GLOUCESTER.
These late eclipses in the sun and moon portend no good to us:
though the wisdom of nature can reason it thus and thus, yet
nature finds itself scourged by the sequent effects: love cools,
friendship falls off, brothers divide: in cities, mutinies; in
countries, discord; in palaces, treason; and the bond cracked
'twixt son and father. This villain of mine comes under the
prediction; there's son against father: the king falls from
bias of nature; there's father against child.
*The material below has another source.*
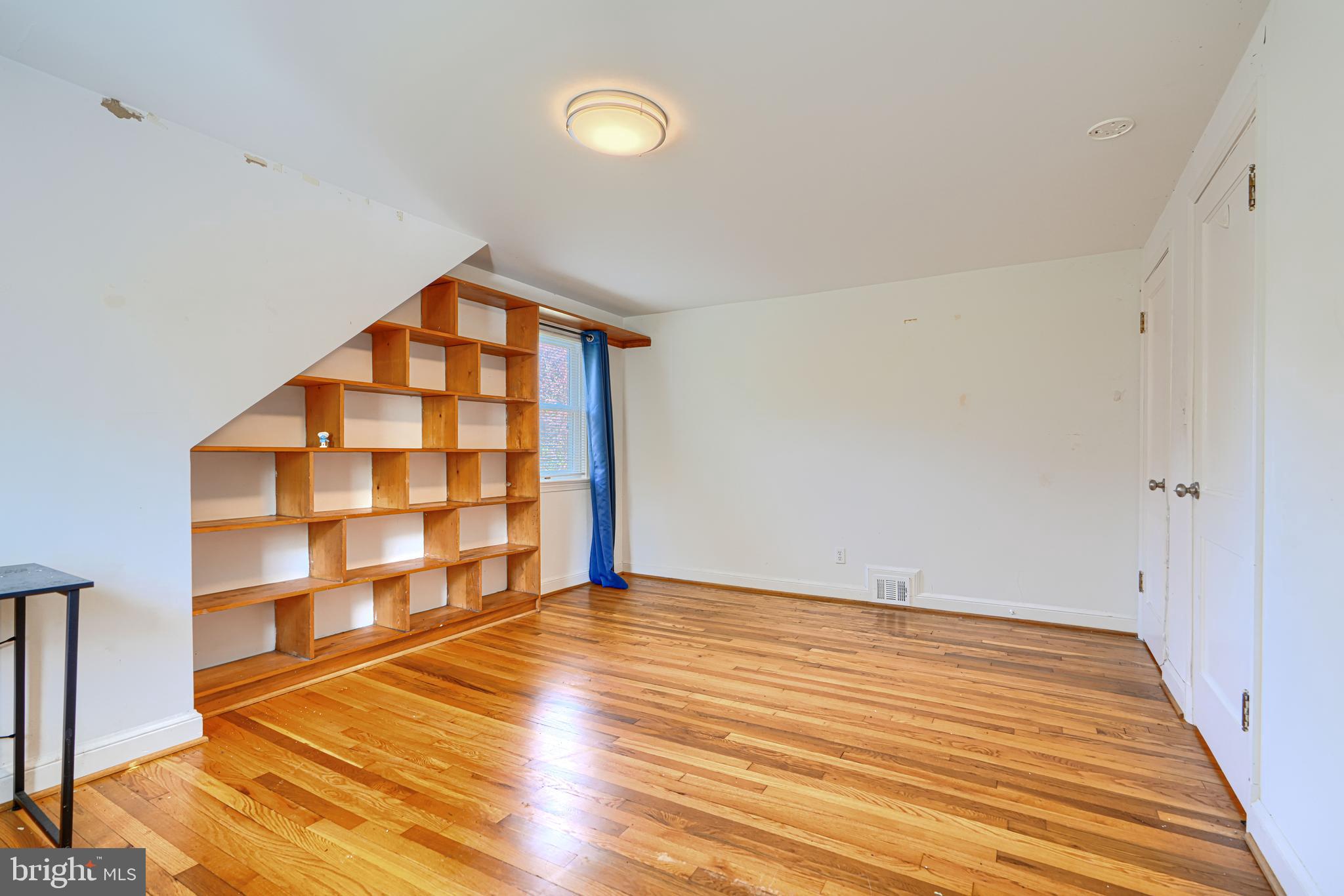 COLLEGE PARK - Residential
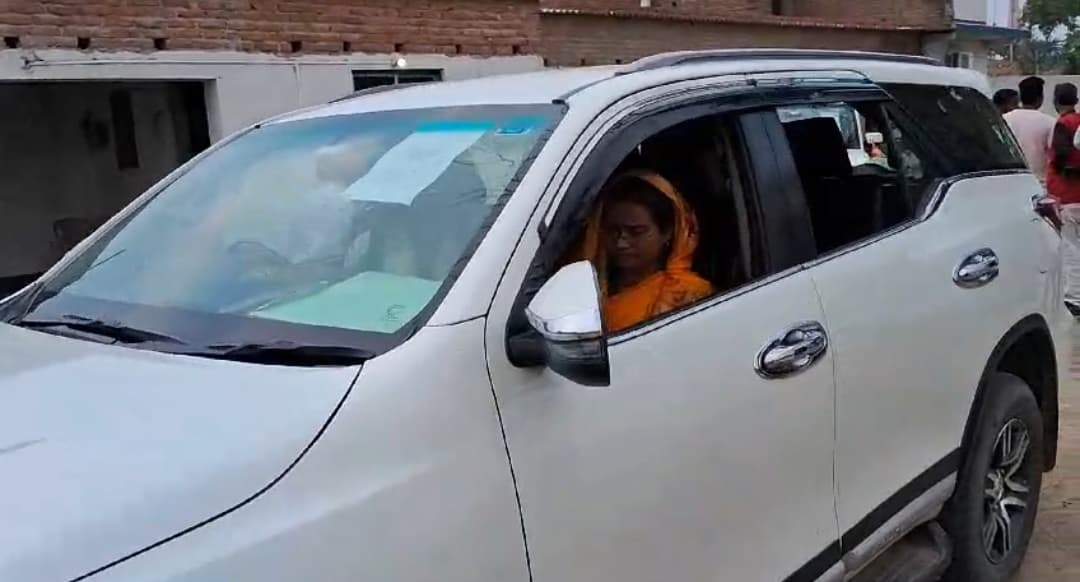 बाहुबली होने का दम्भ काम नहीं आया,VOTING के दौरान पत्नी को अपनी जान बचाकर भागना पड़ा..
We have seen the
best of our time: machinations, hollowness, treachery, and all
ruinous disorders follow us disquietly to our graves. — Find out
this villain, Edmund; it shall lose thee nothing; do it
carefully. — And the noble and true-hearted Kent banished! his
offence, honesty! — 'Tis strange.
[Exit.]
EDMUND.
This is the excellent foppery of the world, that, when we are
sick in fortune, — often the surfeit of our own behaviour, — we
make guilty of our disasters the sun, the moon, and the stars; as
if we were villains on necessity; fools by heavenly compulsion;
knaves, thieves, and treachers by spherical pre-dominance;
drunkards, liars, and adulterers by an enforced obedience of
planetary influence; and all that we are evil in, by a divine
thrusting on: an admirable evasion of whoremaster man, to lay his
goatish disposition to the charge of a star! My father compounded
with my mother under the dragon's tail, and my nativity was under
ursa major; so that it follows I am rough and lecherous. — Tut! I
should have been that I am, had the maidenliest star in the
firmament twinkled on my bastardizing.
[Enter Edgar.]
Pat! — he comes, like the catastrophe of the old comedy: my cue
is villainous melancholy, with a sigh like Tom o' Bedlam. — O,
these eclipses do portend these divisions! fa, sol, la, mi.